I woke up one day feeling tricked. It’s not fair that I’ve been tricked, I hissed. Where was I—Vegas? No clocks on the walls, no windows? I didn’t even see it pass, didn’t remember to call. I know. I know. I could have stepped outside, I could have checked, but my eyes were fixed, flickering on the monitor, my fingertips couldn’t find a notebook, I was feeling sorry for myself because I had lost, and I had nothing to make it go away.

This is not that time, I said. I’ll say it again. Years from now. When more of us are gone. But today, it’s just you. You are gone and I remember, the time we had and now, more than ever, the time we had not enough of. The faded paper on which you exist—the only good deed that I do for you, before I delete your comment, I print it out. How I folded it up and put it away, because I didn’t think this time would come. Not really.

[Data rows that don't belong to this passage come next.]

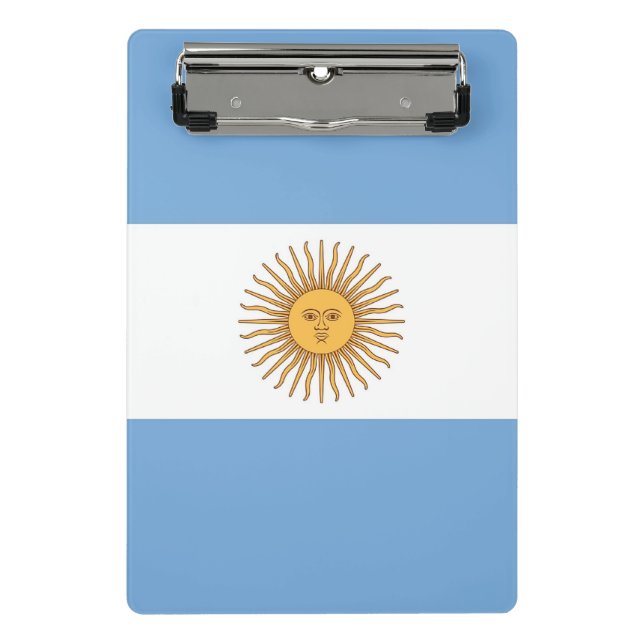 Mini portapapeles con bandera argentina (Anverso)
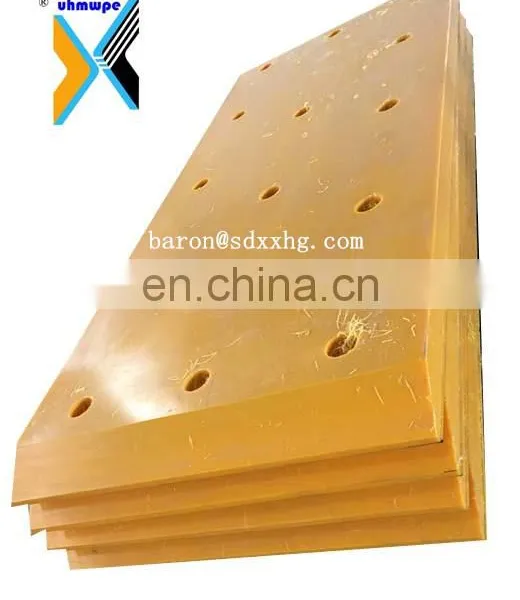 UHMW UHMWPE frontal facing pad of marine rubber fenders for bulk terminals, waterfront developments, dolphins fenders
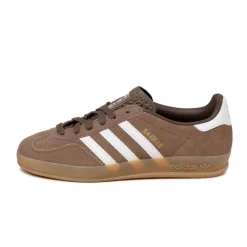 Leder Sneaker|Terrace Casual Sneaker*Adidas Gazelle Indoor Earth Strata / Footwear White / Gold Metallic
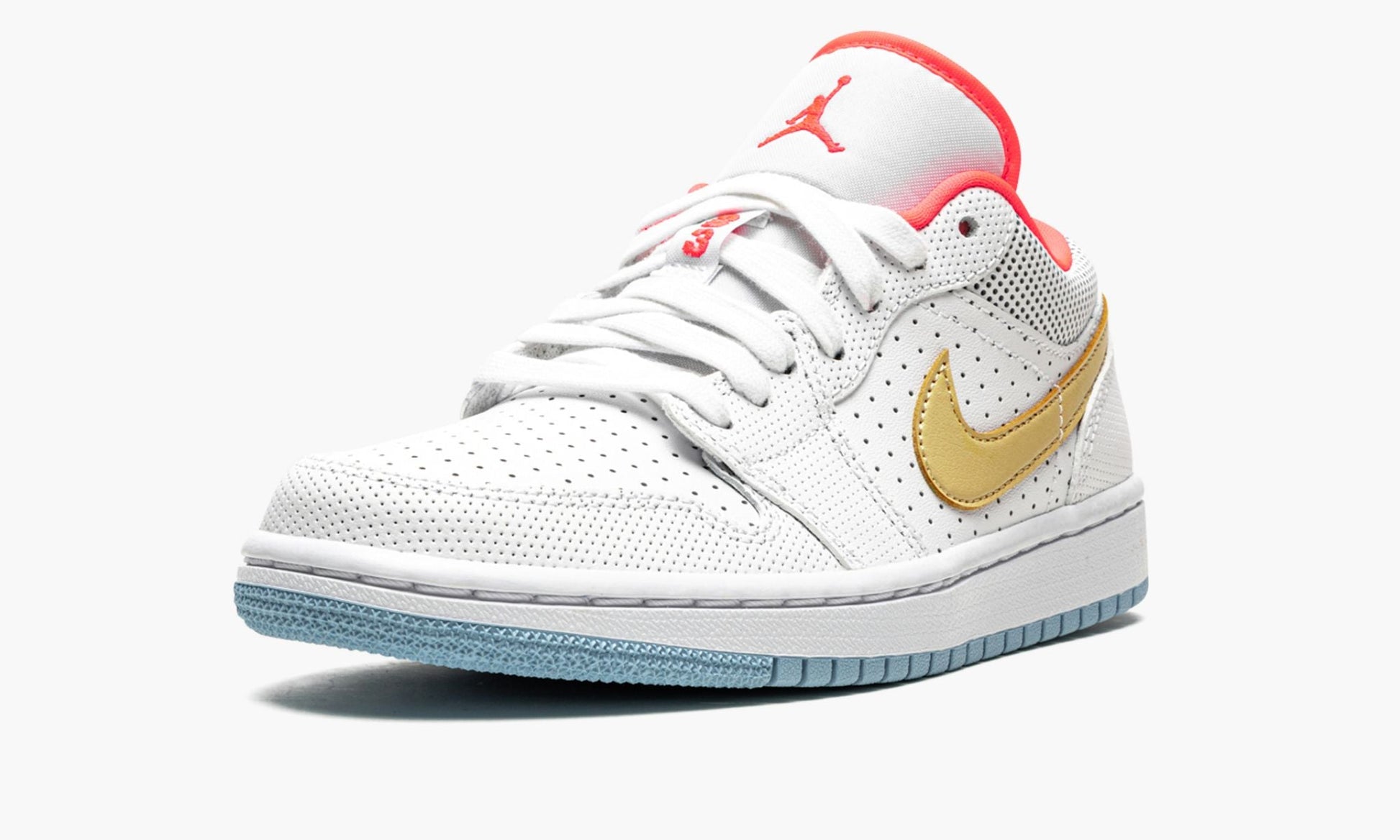 WMNS Air Jordan 1 Low SE "White / Sesame / Flash Crimson"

I will be in the backseat, because when you return home, you return to your place and position, and I will be moving away from the drive, closing my eyes, furious, running away from that moment, our first, our last, and now this. You’ve taught me, sure. Too bad I don’t want to learn.

Rest in peace, Alexis. I am sorry I took down your comment for the world to see. I am sorry for many, many things.



Photo: Anthony Rhoades

Photo: Anthony Rhoades

Hillary Kaylor’s work has appeared in Food & Wine, New York magazine, Fader, Travel + Leisure and online at Gawker and RCRD LBL. She is working on her first novel.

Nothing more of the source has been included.